Task to complete: Starting at the line with "A bedroom with a chair" in it, reproduce each line below through the last one, exactly, and include nothing else.

(Items listed in a dataset)
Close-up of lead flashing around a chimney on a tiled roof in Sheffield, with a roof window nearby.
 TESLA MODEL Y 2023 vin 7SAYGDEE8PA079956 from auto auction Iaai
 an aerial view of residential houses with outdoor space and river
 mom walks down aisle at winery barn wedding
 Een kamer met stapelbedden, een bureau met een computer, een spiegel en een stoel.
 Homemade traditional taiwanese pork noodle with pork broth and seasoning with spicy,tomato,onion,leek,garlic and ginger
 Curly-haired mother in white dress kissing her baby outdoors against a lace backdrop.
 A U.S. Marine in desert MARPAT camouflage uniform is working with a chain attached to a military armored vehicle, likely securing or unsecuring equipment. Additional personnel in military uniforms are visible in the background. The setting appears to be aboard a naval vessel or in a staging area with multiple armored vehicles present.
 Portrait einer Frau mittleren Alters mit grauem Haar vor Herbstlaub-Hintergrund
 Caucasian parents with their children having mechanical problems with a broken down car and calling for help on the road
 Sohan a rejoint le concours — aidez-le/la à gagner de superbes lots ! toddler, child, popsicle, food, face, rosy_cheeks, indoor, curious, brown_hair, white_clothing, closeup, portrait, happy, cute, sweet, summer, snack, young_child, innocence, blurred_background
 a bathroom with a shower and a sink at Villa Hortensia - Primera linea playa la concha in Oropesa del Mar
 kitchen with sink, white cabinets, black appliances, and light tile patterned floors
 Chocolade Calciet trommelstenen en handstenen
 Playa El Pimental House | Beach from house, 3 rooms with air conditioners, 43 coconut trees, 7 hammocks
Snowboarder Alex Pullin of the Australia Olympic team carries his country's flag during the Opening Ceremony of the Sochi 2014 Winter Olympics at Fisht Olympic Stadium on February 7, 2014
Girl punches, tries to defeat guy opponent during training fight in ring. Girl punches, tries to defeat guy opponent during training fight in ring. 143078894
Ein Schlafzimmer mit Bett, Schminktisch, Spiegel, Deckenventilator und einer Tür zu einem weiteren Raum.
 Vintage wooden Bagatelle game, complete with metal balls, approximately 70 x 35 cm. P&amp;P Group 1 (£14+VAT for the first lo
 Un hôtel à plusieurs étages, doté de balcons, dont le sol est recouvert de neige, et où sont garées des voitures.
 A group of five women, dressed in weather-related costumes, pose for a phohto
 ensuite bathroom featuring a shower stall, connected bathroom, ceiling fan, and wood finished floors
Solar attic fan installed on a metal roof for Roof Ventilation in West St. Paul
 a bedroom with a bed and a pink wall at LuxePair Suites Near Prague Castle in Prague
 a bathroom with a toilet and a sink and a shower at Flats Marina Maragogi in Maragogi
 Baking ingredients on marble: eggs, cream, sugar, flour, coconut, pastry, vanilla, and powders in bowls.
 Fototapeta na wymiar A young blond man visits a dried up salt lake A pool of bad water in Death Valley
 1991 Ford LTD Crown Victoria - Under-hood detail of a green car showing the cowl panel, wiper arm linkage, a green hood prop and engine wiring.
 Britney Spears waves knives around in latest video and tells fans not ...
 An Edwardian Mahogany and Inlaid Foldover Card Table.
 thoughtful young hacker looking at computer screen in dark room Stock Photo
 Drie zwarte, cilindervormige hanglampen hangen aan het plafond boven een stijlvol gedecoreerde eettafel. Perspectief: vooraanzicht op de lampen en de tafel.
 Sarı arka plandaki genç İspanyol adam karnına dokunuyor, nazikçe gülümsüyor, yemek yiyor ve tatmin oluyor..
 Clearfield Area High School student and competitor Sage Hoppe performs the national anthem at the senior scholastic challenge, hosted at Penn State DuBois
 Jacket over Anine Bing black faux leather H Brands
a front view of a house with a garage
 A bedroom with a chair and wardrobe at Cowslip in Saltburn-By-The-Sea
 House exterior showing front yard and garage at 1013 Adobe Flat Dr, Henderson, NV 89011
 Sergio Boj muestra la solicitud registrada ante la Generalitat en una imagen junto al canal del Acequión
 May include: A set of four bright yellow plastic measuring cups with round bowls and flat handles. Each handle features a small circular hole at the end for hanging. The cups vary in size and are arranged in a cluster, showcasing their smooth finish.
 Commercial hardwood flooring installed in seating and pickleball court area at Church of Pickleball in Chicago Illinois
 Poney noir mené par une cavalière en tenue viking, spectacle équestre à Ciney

Task answer:
 A bedroom with a chair and wardrobe at Cowslip in Saltburn-By-The-Sea
 House exterior showing front yard and garage at 1013 Adobe Flat Dr, Henderson, NV 89011
 Sergio Boj muestra la solicitud registrada ante la Generalitat en una imagen junto al canal del Acequión
 May include: A set of four bright yellow plastic measuring cups with round bowls and flat handles. Each handle features a small circular hole at the end for hanging. The cups vary in size and are arranged in a cluster, showcasing their smooth finish.
 Commercial hardwood flooring installed in seating and pickleball court area at Church of Pickleball in Chicago Illinois
 Poney noir mené par une cavalière en tenue viking, spectacle équestre à Ciney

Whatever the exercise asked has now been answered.